Redundancy, Isotropy, and Intrinsic Dimensionality of Prompt-based Text Embeddings
This addresses storage and computational cost problems for users of prompt-based embedding models, but it is incremental as it builds on existing methods.
The paper tackled the high dimensionality and redundancy of prompt-based text embeddings by applying post-hoc dimensionality reduction, finding that performance on classification and clustering tasks degrades very little even when embeddings are reduced to less than 0.5% of the original dimensions.

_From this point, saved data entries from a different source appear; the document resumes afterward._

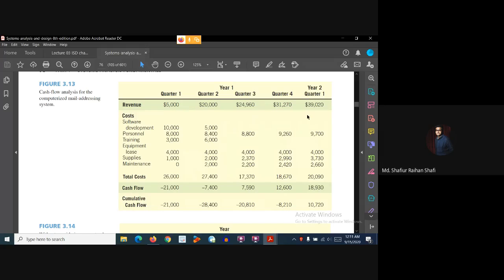Moving to quarter one of year two: our revenue is $39,020 and our total cost is $20,090, giving us a quarterly cash flow of $18,930. The cumulative cash flow becomes positive at $10,720, meaning the company has recovered its initial investment.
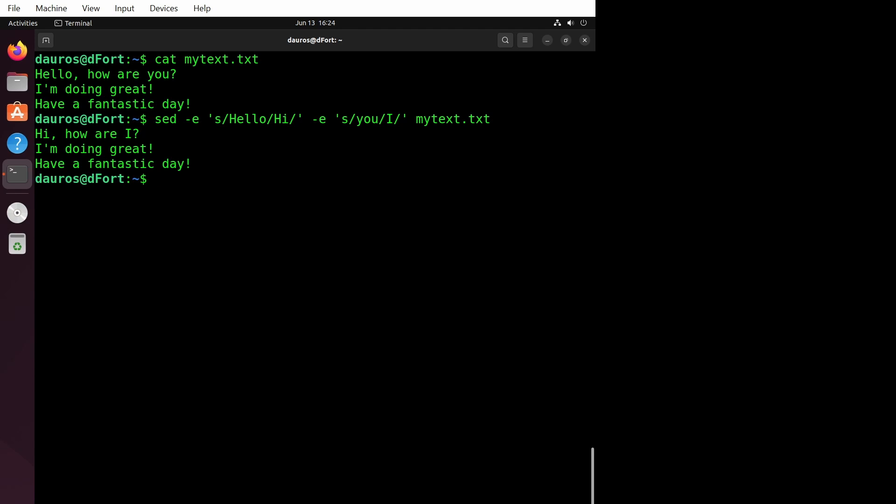Isn't that awesome? The -e flag allows us to give multiple commands to sed so that we can perform multiple operations simultaneously.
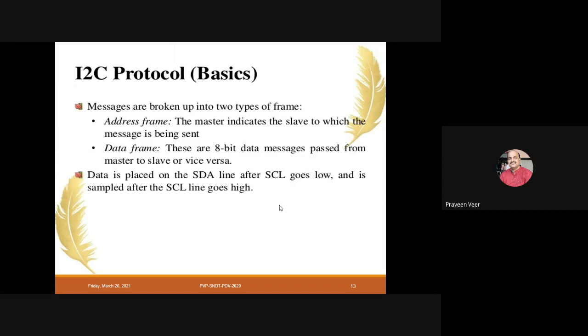Data is only placed on the SDA line when SCL goes low, and it is sampled after the SCL line goes high.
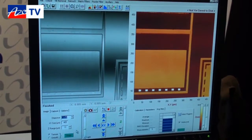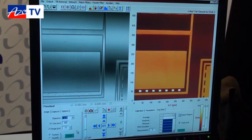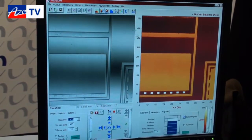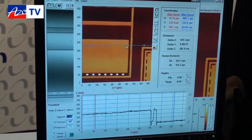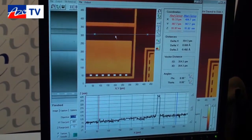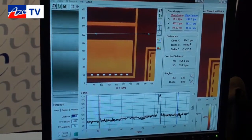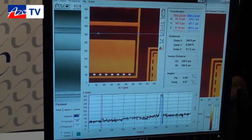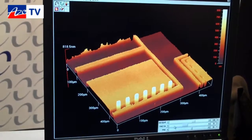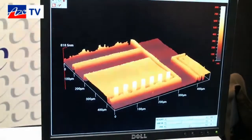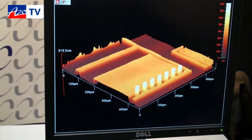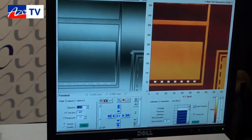We select our image and we get our data. It's a very quick data acquisition, and once we have this data we can get different types of output. We can get our Ra roughness values, step heights, and so on. We can also produce 3D data, and a number of other calculations can be done.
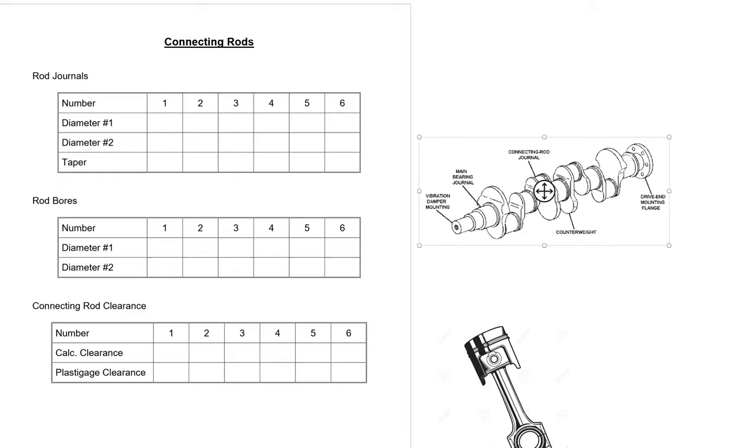This is Mech 23B and we're going to measure the connecting rods now. The first thing we want to measure is the connecting rod journals.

Prompt-based text embedding models, which generate task-specific embeddings upon receiving tailored prompts, have recently demonstrated remarkable performance. However, their resulting embeddings often have thousands of dimensions, leading to high storage costs and increased computational costs of embedding-based operations. In this paper, we investigate how post-hoc dimensionality reduction applied to the embeddings affects the performance of various tasks that leverage these embeddings, specifically classification, clustering, retrieval, and semantic textual similarity (STS) tasks. Our experiments show that even a naive dimensionality reduction, which keeps only the first 25% of the dimensions of the embeddings, results in a very slight performance degradation, indicating that these embeddings are highly redundant. Notably, for classification and clustering, even when embeddings are reduced to less than 0.5% of the original dimensionality the performance degradation is very small. To quantitatively analyze this redundancy, we perform an analysis based on the intrinsic dimensionality and isotropy of the embeddings. Our analysis reveals that embeddings for classification and clustering, which are considered to have very high dimensional redundancy, exhibit lower intrinsic dimensionality and less isotropy compared with those for retrieval and STS.